● **Dataset content**:
○ ○ ○ ○

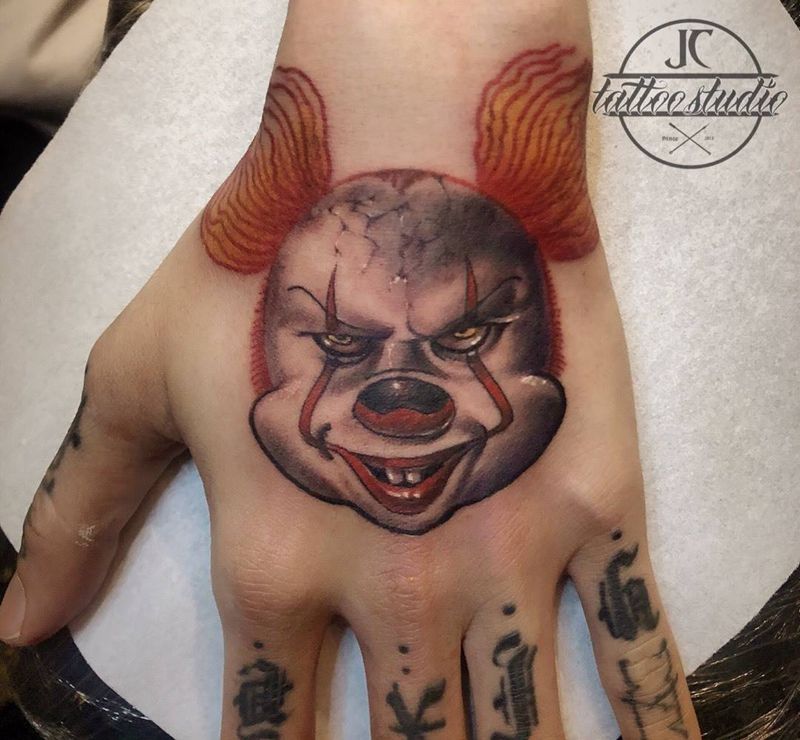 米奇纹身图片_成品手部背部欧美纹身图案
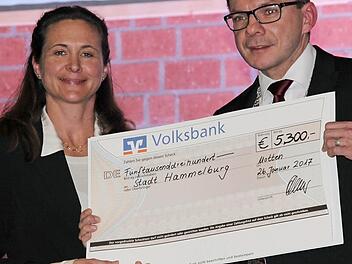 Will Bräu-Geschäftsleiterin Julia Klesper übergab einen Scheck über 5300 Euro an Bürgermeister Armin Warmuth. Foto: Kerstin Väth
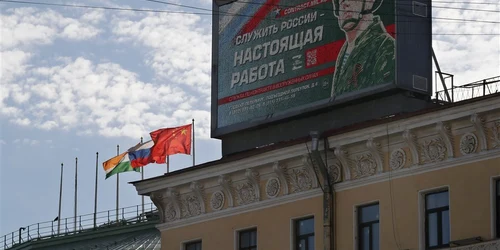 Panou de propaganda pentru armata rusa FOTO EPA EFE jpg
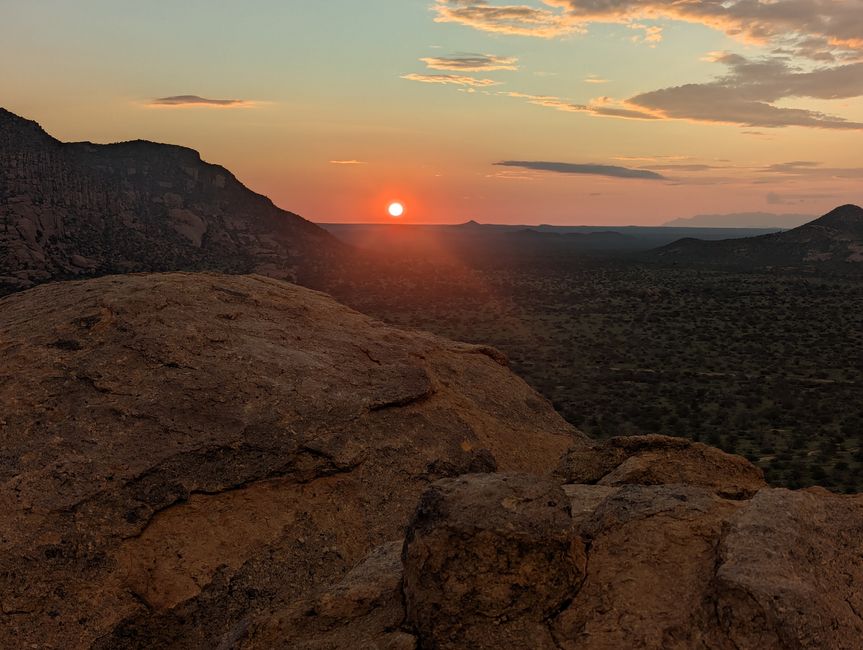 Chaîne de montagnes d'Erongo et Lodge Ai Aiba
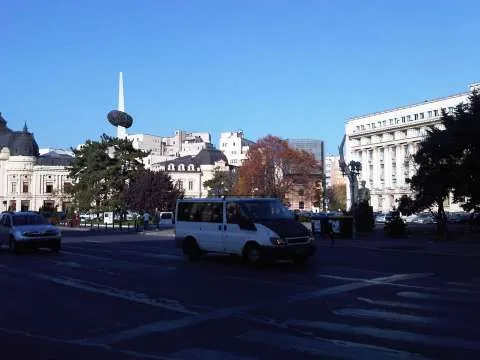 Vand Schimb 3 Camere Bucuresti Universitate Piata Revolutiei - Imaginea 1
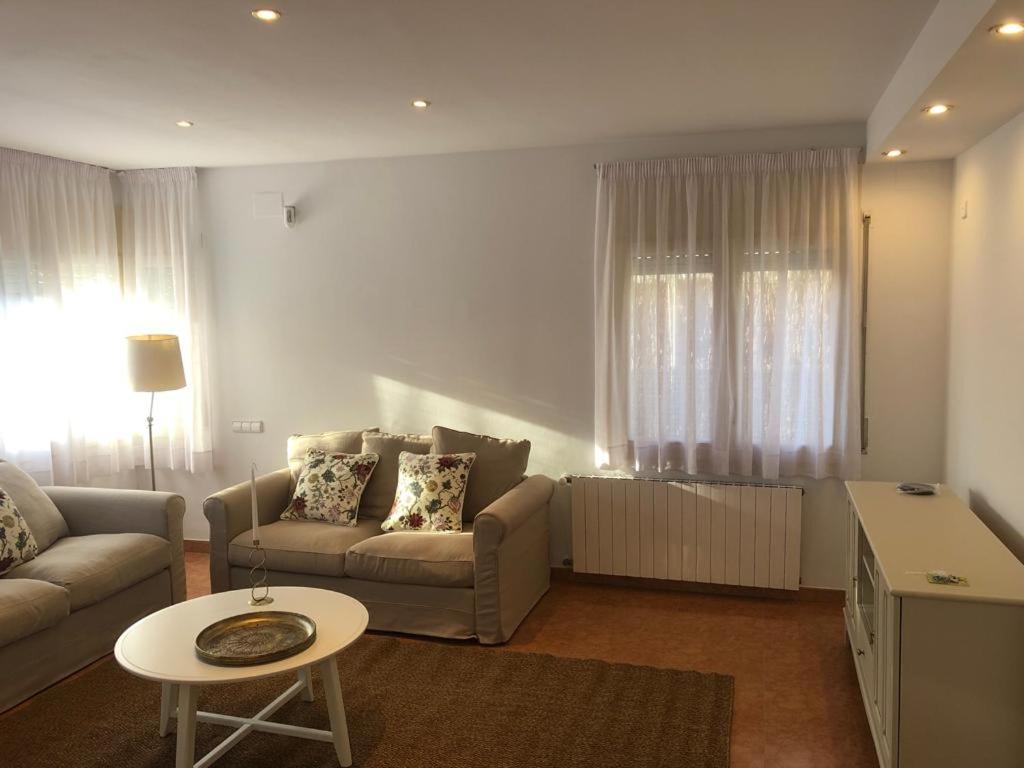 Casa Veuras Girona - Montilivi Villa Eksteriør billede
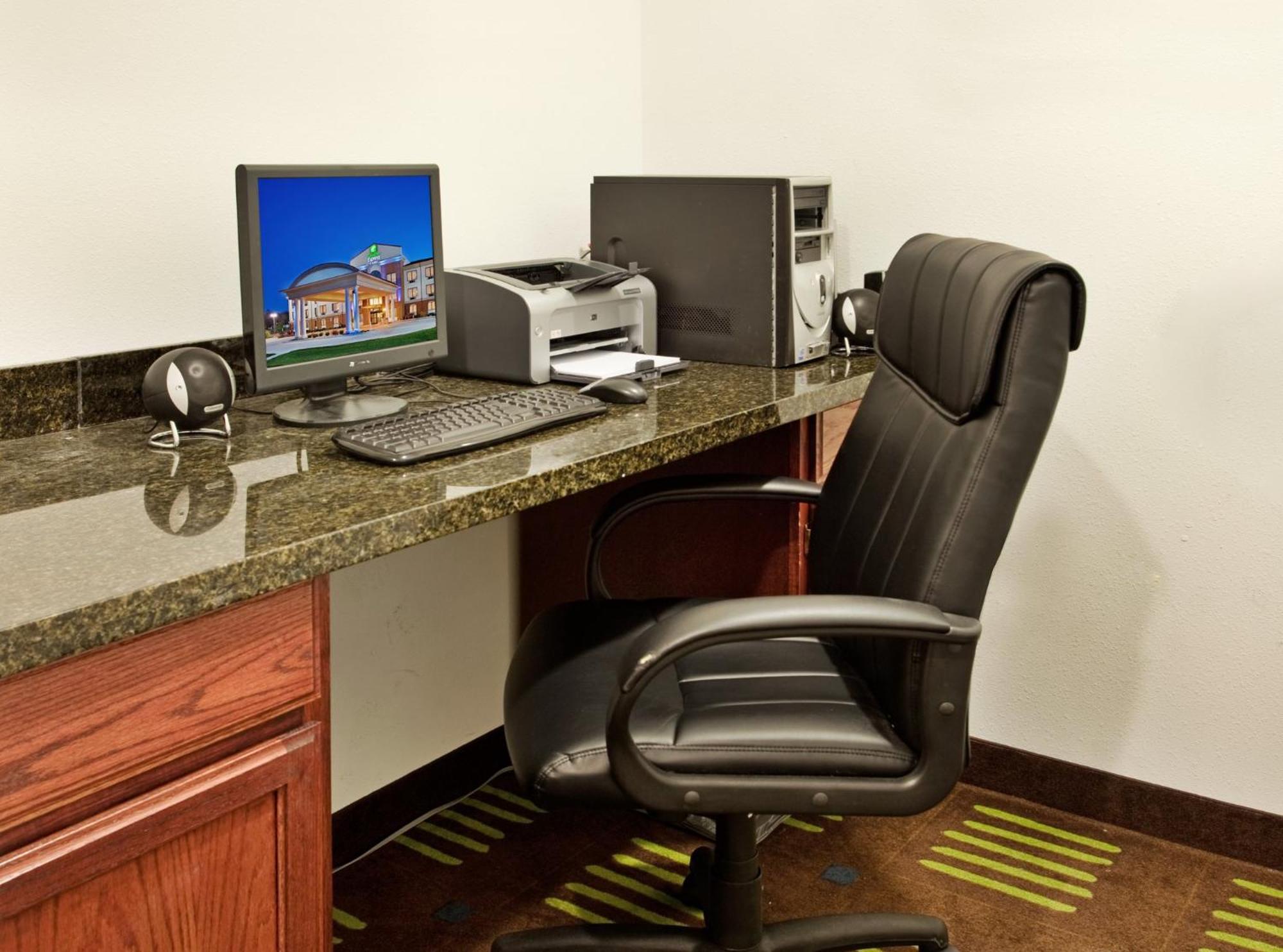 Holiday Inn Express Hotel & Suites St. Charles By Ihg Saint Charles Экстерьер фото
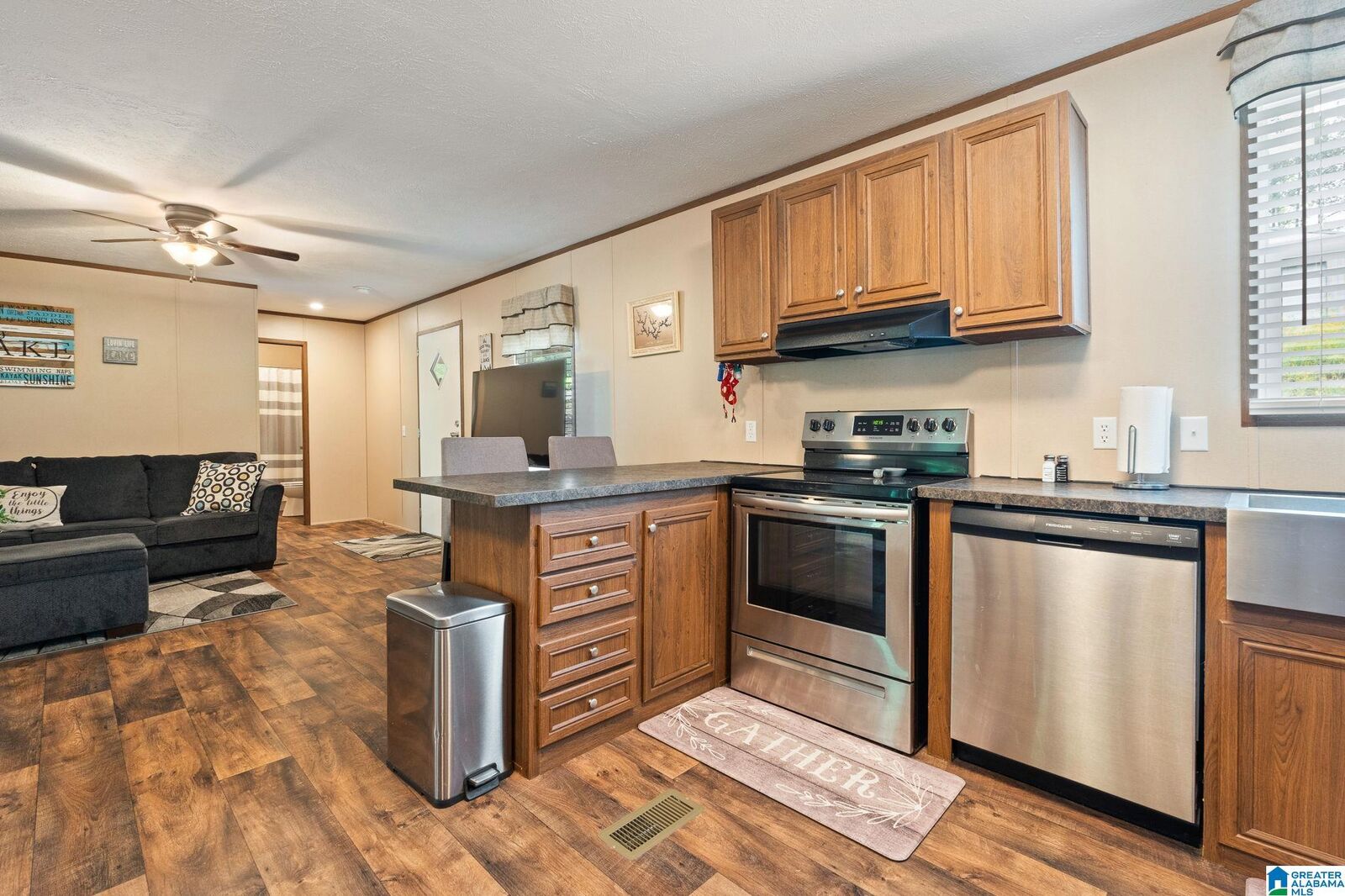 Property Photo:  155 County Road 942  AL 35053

○ ○ ○ ○

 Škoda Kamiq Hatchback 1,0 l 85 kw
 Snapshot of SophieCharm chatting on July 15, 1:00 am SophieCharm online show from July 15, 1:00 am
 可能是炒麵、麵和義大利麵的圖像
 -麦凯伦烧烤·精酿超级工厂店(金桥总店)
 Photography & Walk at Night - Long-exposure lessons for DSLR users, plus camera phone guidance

○ ○ ○ ○

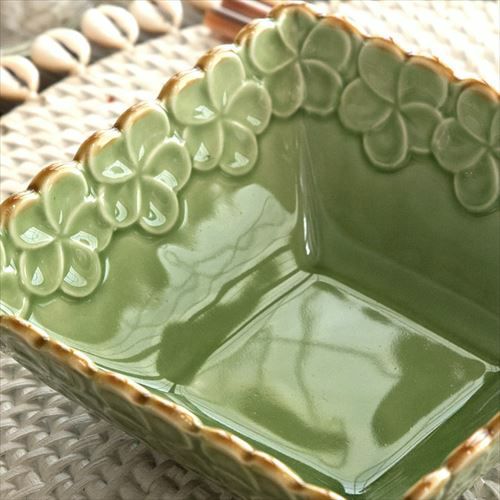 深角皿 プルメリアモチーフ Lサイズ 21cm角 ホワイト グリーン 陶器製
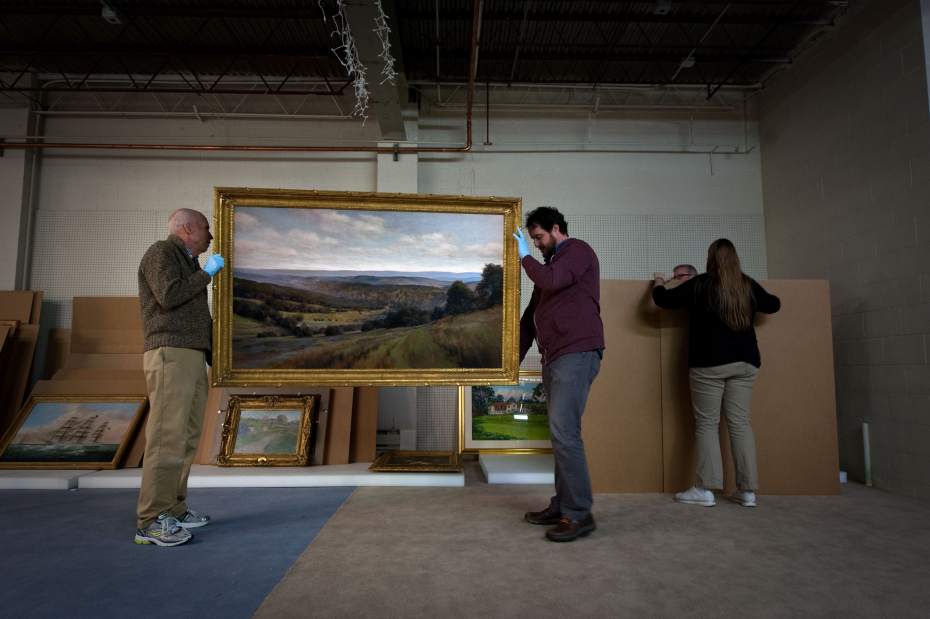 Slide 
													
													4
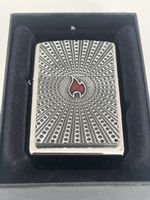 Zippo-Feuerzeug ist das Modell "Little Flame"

○ ○ ○ ○

In the listing above, find the line with "Škoda Kamiq Hatchback 1,0 l 85 kw" and the line with "Photography & Walk", then print exactly those lines and every line between them.

● **Your response**:
 Škoda Kamiq Hatchback 1,0 l 85 kw
 Snapshot of SophieCharm chatting on July 15, 1:00 am SophieCharm online show from July 15, 1:00 am
 可能是炒麵、麵和義大利麵的圖像
 -麦凯伦烧烤·精酿超级工厂店(金桥总店)
 Photography & Walk at Night - Long-exposure lessons for DSLR users, plus camera phone guidance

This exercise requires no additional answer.